When I recently overhauled the propeller shaft, the bearing and the Volvo seal of Grace Darling, the idea popped up about a feathering propeller. The drag of the blades and the wear of the seal are a justifier for a smart upgrade. But whatever the type of make its going to be, I’ll have to cut that much of a recess in the rudder blade for the amount of space the folding blades need to work freely and avoid cavitation from passing blades when operated.

Sawing away in ones rudder is a rather scary thought, so when one knows what to expect inside, that makes things a little easier.   
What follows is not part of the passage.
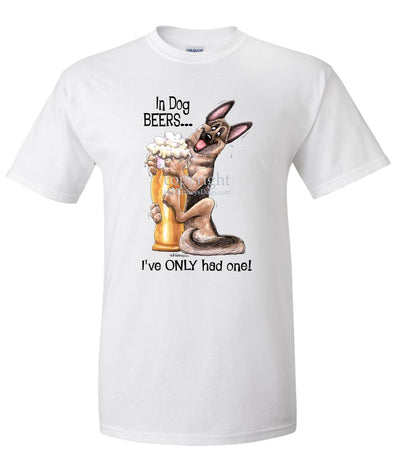 German Shepherd - Dog Beers - T-Shirt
So I’m wondering how the rudder is assembled with what kind of materials and has this been done in a standard sort of fashion? I’ve got the rudder now in the workshop, and when closely examining the blade, it looks like there is a (very hard to see) seam on the small (hinges front) side that looks like if she’s constructed of two pieces of plywood, glued one on the other. And after shaping and drilling etc. the whole is finished in polyester. Maybe someone has done some extensive repairs on a rudder, and has some expertise on the construction?   
Hope to find some answers,

Greetings,

Marc Langbroek
S/Y Grace Darling
The Netherlands.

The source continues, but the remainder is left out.